◆ **Exercise directions**
When you retype the data, keep every word exactly and include none of the pictures.
*** Block opens ***
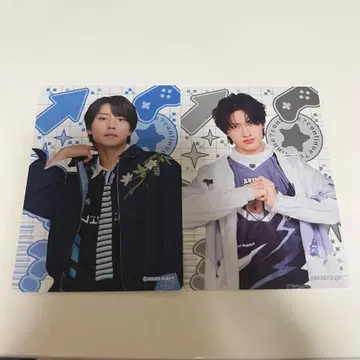 Rdy? vol.2 랜덤 트레이딩 카드 아베 아란 액터즈 리그 게임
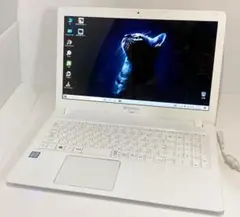 【在庫品のみ】Gateway/ゲートウェイ/ノートパソコン/Win10/白
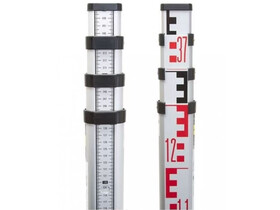 Leica CLR102 szintezőléc 5m Leica CLR102 szintezőléc 5m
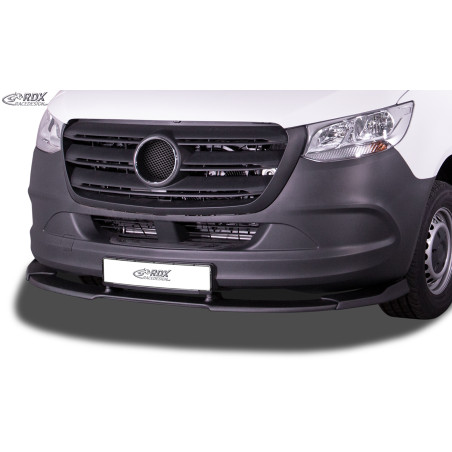 Spoiler anteriore VARIO-X per MERCEDES Sprinter (906/907/910 / 2018+) DES Sprinter (W90 (Cod. R-RDFA
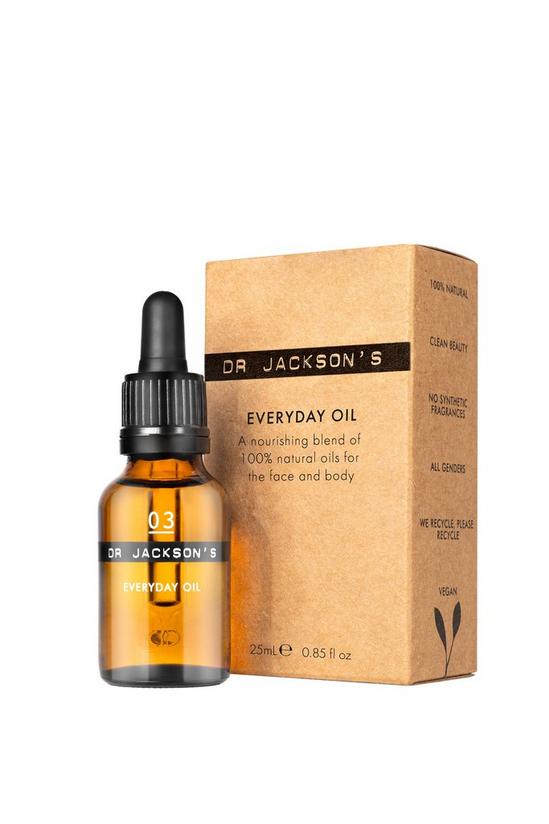 Dr Jackson 03 Everyday Oil 1
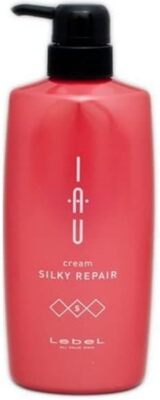Neu Lebel Iau Creme Silky Repair Haarkur 600ml aus Japan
*** Block closes ***
◆ **Your solution**
 Rdy? vol.2 랜덤 트레이딩 카드 아베 아란 액터즈 리그 게임
 【在庫品のみ】Gateway/ゲートウェイ/ノートパソコン/Win10/白
 Leica CLR102 szintezőléc 5m Leica CLR102 szintezőléc 5m
 Spoiler anteriore VARIO-X per MERCEDES Sprinter (906/907/910 / 2018+) DES Sprinter (W90 (Cod. R-RDFA
 Dr Jackson 03 Everyday Oil 1
Neu Lebel Iau Creme Silky Repair Haarkur 600ml aus Japan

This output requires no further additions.